___ EXTRACTED ENTRIES
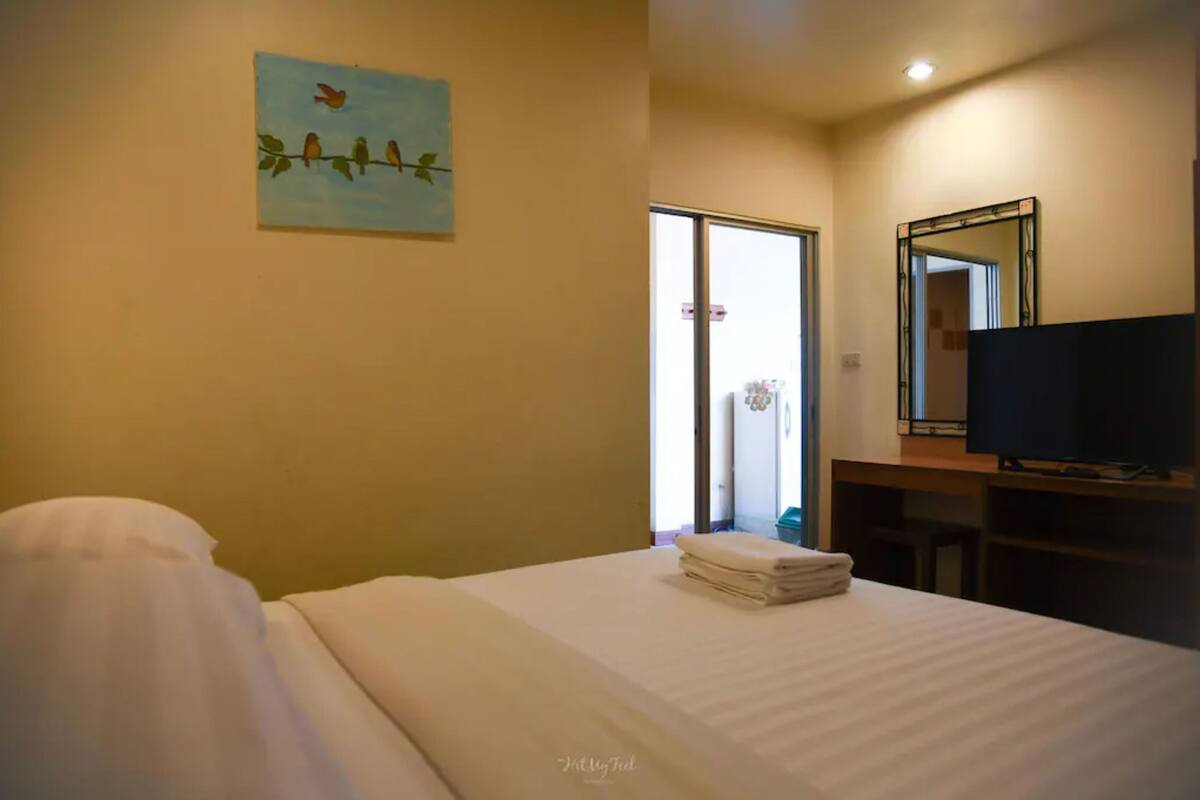 A hotel room with a bed, a painting of birds on the wall, a television, and a mirror.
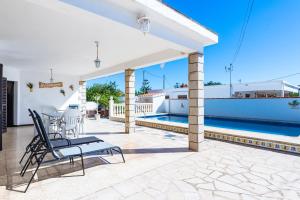 a patio with a table and chairs and a swimming pool at Sorpresa in Vinarós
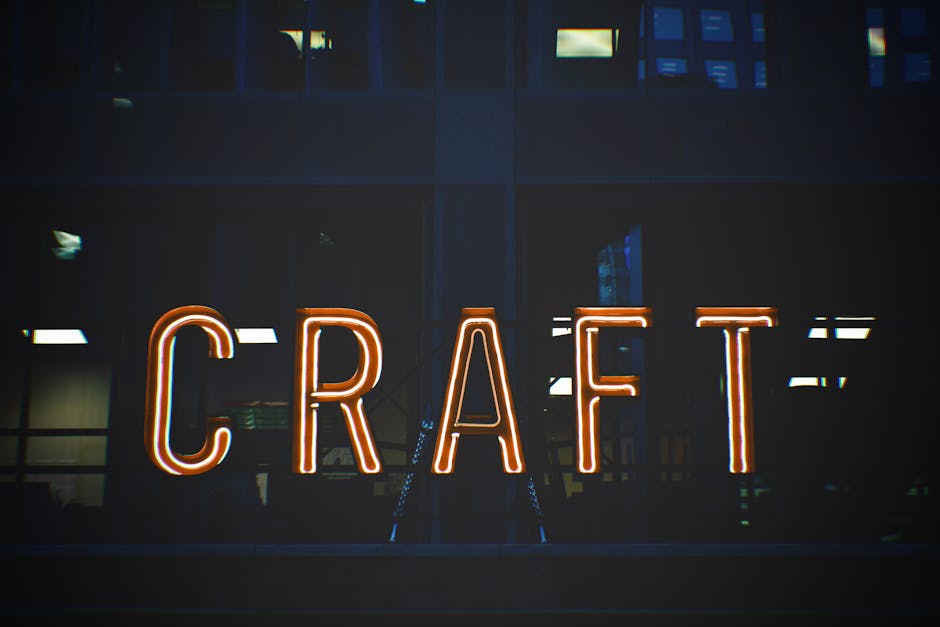 Illuminated neon sign with the word 'CRAFT' glowing against a building backdrop.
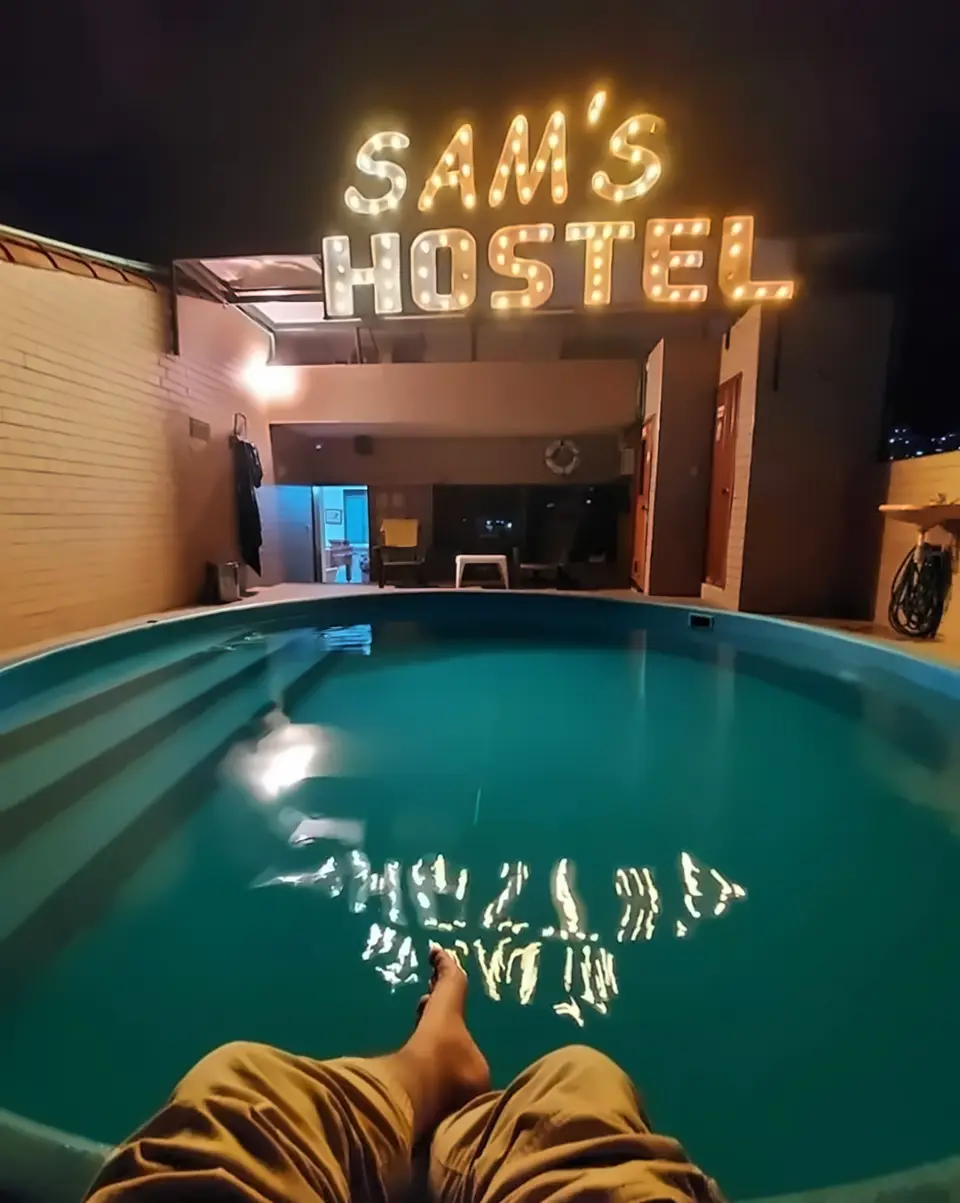 Night on the SamS rooftop: a guest’s feet at the edge of the small round pool, the lit SAM’S HOSTEL bulb sign reflected in turquoise water.
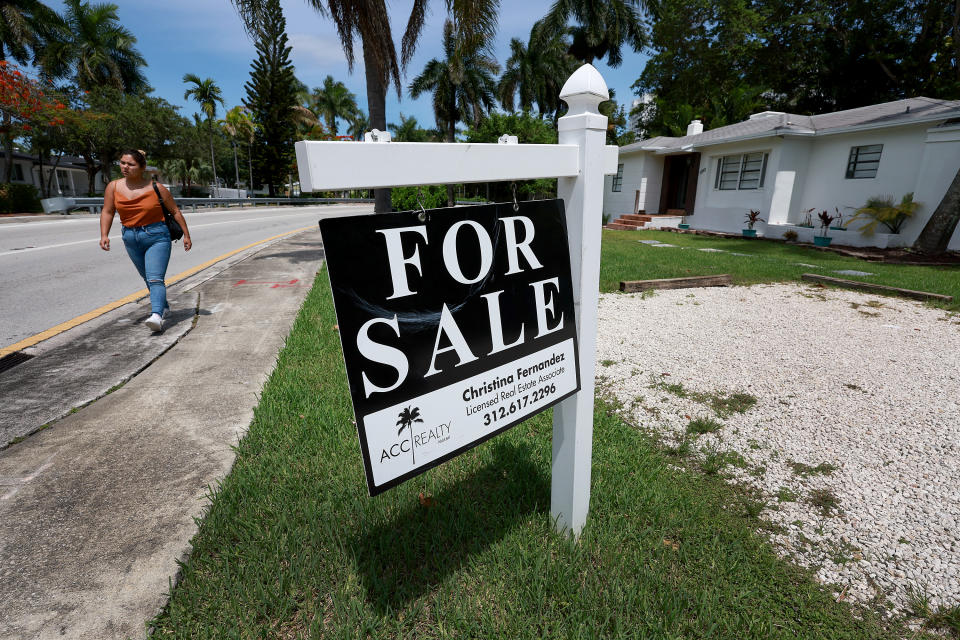 MIAMI, FLORIDA - JUNE 21: A &#39;for sale&#39; sign hangs in front of a home on June 21, 2022 in Miami, Florida. According to the National Association of Realtors, sales of existing homes dropped 3.4% to a seasonally adjusted annualized rate of 5.41 million units. Sales were 8.6% lower than in May 2021. As existing-home sales declined, the median price of a house sold in May was $407,600, an increase of 14.8% from May 2021. (Photo by Joe Raedle/Getty Images)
______
YOUR GOAL
From the line that contains "Illuminated neon sign" down to the final line of the entries above, please copy each line exactly, excluding pictures.

EXERCISE SOLUTION
 Illuminated neon sign with the word 'CRAFT' glowing against a building backdrop.
 Night on the SamS rooftop: a guest’s feet at the edge of the small round pool, the lit SAM’S HOSTEL bulb sign reflected in turquoise water.
 MIAMI, FLORIDA - JUNE 21: A &#39;for sale&#39; sign hangs in front of a home on June 21, 2022 in Miami, Florida. According to the National Association of Realtors, sales of existing homes dropped 3.4% to a seasonally adjusted annualized rate of 5.41 million units. Sales were 8.6% lower than in May 2021. As existing-home sales declined, the median price of a house sold in May was $407,600, an increase of 14.8% from May 2021. (Photo by Joe Raedle/Getty Images)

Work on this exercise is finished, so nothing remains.